Locate, in the data below, the line that contains "Wooden signpost with" and the line that contains "Vrai ou faux"; reproduce exactly those two lines and every line between them, nothing more.

## Records for the task
▶
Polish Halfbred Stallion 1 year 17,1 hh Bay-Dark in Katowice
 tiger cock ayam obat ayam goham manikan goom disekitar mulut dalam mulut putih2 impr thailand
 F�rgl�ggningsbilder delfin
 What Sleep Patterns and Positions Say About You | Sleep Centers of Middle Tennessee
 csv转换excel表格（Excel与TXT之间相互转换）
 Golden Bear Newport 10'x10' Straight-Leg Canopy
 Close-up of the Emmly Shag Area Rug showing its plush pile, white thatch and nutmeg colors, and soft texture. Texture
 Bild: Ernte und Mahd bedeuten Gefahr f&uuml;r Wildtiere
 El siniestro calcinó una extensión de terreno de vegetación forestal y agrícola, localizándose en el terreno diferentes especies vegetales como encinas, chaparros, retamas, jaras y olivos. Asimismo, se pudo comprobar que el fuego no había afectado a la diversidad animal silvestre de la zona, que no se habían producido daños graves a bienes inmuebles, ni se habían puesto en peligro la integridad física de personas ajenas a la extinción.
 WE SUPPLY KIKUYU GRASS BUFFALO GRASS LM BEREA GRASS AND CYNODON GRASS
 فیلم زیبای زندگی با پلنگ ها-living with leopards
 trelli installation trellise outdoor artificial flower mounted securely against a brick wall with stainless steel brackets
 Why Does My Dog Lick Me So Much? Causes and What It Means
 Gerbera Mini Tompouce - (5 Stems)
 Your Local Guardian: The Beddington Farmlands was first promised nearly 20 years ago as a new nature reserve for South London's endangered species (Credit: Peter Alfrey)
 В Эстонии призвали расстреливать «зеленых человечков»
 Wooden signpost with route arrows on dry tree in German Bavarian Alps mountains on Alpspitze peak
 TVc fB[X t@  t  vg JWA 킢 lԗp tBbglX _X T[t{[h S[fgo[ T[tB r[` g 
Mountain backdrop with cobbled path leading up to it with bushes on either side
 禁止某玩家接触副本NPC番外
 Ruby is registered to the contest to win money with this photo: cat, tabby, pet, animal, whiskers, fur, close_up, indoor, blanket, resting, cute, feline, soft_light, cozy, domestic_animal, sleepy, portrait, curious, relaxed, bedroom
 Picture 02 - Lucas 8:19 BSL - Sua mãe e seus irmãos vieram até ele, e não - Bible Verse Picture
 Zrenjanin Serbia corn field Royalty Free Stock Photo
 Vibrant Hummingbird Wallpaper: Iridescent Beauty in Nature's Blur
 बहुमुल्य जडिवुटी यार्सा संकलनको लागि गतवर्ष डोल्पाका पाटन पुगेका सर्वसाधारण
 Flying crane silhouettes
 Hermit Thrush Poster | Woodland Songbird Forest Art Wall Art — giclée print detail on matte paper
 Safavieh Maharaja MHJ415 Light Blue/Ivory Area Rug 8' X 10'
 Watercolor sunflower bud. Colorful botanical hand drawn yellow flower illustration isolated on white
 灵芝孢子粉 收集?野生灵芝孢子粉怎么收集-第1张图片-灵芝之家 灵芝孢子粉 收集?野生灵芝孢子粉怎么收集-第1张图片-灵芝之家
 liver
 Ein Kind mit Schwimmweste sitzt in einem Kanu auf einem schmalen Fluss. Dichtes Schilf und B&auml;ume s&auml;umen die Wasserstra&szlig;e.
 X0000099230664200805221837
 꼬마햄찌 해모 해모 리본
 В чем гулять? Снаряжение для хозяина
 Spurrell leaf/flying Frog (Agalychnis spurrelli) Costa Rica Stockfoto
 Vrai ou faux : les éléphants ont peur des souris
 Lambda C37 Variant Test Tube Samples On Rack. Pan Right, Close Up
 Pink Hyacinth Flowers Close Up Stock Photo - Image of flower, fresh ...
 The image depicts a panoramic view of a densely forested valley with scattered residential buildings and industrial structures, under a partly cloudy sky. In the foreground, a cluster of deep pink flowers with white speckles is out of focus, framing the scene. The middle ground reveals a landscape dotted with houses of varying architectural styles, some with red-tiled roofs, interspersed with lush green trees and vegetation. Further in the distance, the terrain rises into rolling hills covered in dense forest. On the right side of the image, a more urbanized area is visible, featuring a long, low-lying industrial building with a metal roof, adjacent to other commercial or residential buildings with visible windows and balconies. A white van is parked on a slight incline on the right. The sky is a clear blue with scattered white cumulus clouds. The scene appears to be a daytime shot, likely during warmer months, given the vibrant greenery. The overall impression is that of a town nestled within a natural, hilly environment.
◀
## Response to this task
 Wooden signpost with route arrows on dry tree in German Bavarian Alps mountains on Alpspitze peak
 TVc fB[X t@  t  vg JWA 킢 lԗp tBbglX _X T[t{[h S[fgo[ T[tB r[` g 
Mountain backdrop with cobbled path leading up to it with bushes on either side
 禁止某玩家接触副本NPC番外
 Ruby is registered to the contest to win money with this photo: cat, tabby, pet, animal, whiskers, fur, close_up, indoor, blanket, resting, cute, feline, soft_light, cozy, domestic_animal, sleepy, portrait, curious, relaxed, bedroom
 Picture 02 - Lucas 8:19 BSL - Sua mãe e seus irmãos vieram até ele, e não - Bible Verse Picture
 Zrenjanin Serbia corn field Royalty Free Stock Photo
 Vibrant Hummingbird Wallpaper: Iridescent Beauty in Nature's Blur
 बहुमुल्य जडिवुटी यार्सा संकलनको लागि गतवर्ष डोल्पाका पाटन पुगेका सर्वसाधारण
 Flying crane silhouettes
 Hermit Thrush Poster | Woodland Songbird Forest Art Wall Art — giclée print detail on matte paper
 Safavieh Maharaja MHJ415 Light Blue/Ivory Area Rug 8' X 10'
 Watercolor sunflower bud. Colorful botanical hand drawn yellow flower illustration isolated on white
 灵芝孢子粉 收集?野生灵芝孢子粉怎么收集-第1张图片-灵芝之家 灵芝孢子粉 收集?野生灵芝孢子粉怎么收集-第1张图片-灵芝之家
 liver
 Ein Kind mit Schwimmweste sitzt in einem Kanu auf einem schmalen Fluss. Dichtes Schilf und B&auml;ume s&auml;umen die Wasserstra&szlig;e.
 X0000099230664200805221837
 꼬마햄찌 해모 해모 리본
 В чем гулять? Снаряжение для хозяина
 Spurrell leaf/flying Frog (Agalychnis spurrelli) Costa Rica Stockfoto
 Vrai ou faux : les éléphants ont peur des souris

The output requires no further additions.